President Bush Criticized for Abstinence Funding Commitment
by Steven Ertelt
April 5, 2004
Washington, DC (LifeNews.com) — President Bush is drawing criticism for his commitment to funding abstinence education programs. While the president is asking Congress to double the funding such programs receive, critics say too much money makes its way to groups that are religious or pro-life.
Supporters of abstinence programs are elated about the opportunities the funding has afforded — such as allowing educators to bring their message about sexual purity to junior high and high school classrooms.
But critics like James Wagoner, president of Advocates for Youth, contend the programs don’t work.
Wagoner, whose group promotes the use of birth control, claims Bush’s desire to increase abstinence funding is a political issue, rather than a desire to reduce teen pregnancies. "You have to wonder if doubling the budget, during an election year, is a form of patronage for supporters of the administration," he told the Associated Press.
Critics also don’t like who is receiving funds. Among the 28 most recent recipients of federal abstinence education grants are six crisis pregnancy centers that offer alternatives to abortion and some groups affiliated with the Catholic church.
"Basically, they have created an industry, and they certainly are rewarding their friends," said SEICUS spokeswoman Adrienne Verrilli.
But abstinence education proponents say the message is what is most important and that parents support the abstinence message.
A January Zogby International poll shows parents overwhelmingly support abstinence education for teenagers.
Out of the 1,004 parents surveyed across the nation, 96 percent said abstinence is best for teens. The vast majority of American parents want their children’s sex education classes to emphasize abstinence until marriage, according to poll, which was commissioned by Focus on the Family.
Only 39.9 percent thought that abstinence and contraception should be combined in a single class. But even on that matter, only 2 percent thought that sex education should focus on teaching teens how to use condoms.
In his State of the Union speech, President Bush asked that funding for federal abstinence programs be doubled now and tripled by 2005.

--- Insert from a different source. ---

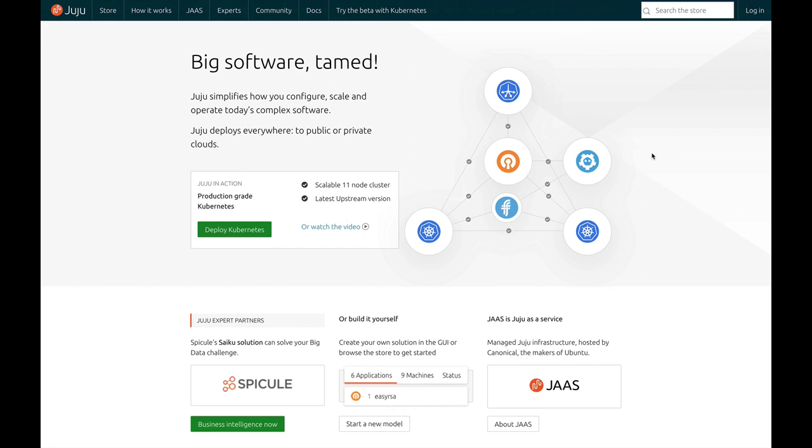Hi everyone, I'm Jeff Piacch, an engineer on the Juju as a Service or JAZZ team at Canonical. I wanted to take a few minutes today to show you how easy it is to deploy a production environment of Kubernetes with JAZZ.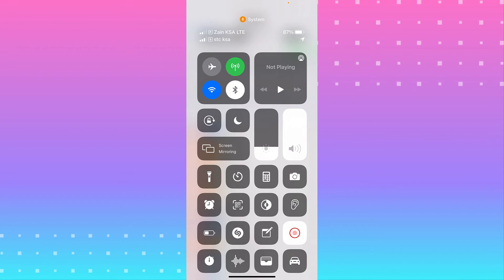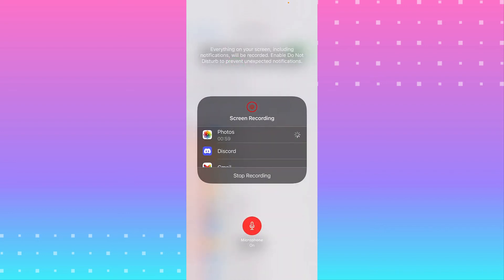You can tap it and start recording. I'm recording right now using this screen recorder. Or you can tap and hold it. You'll see you can turn your microphone on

"We will double federal funding for abstinence programs, so schools can teach this fact of life: Abstinence for young people is the only certain way to avoid sexually transmitted diseases," Bush said.
Bush’s proposal would increase abstinence program funding from $80 million a year to more than $270 million in 2005.
However, some members of Congress, led by Senators Max Baucus (D-MT) and Lincoln Chafee (R-RI), have been attempting to gut Congressional funding.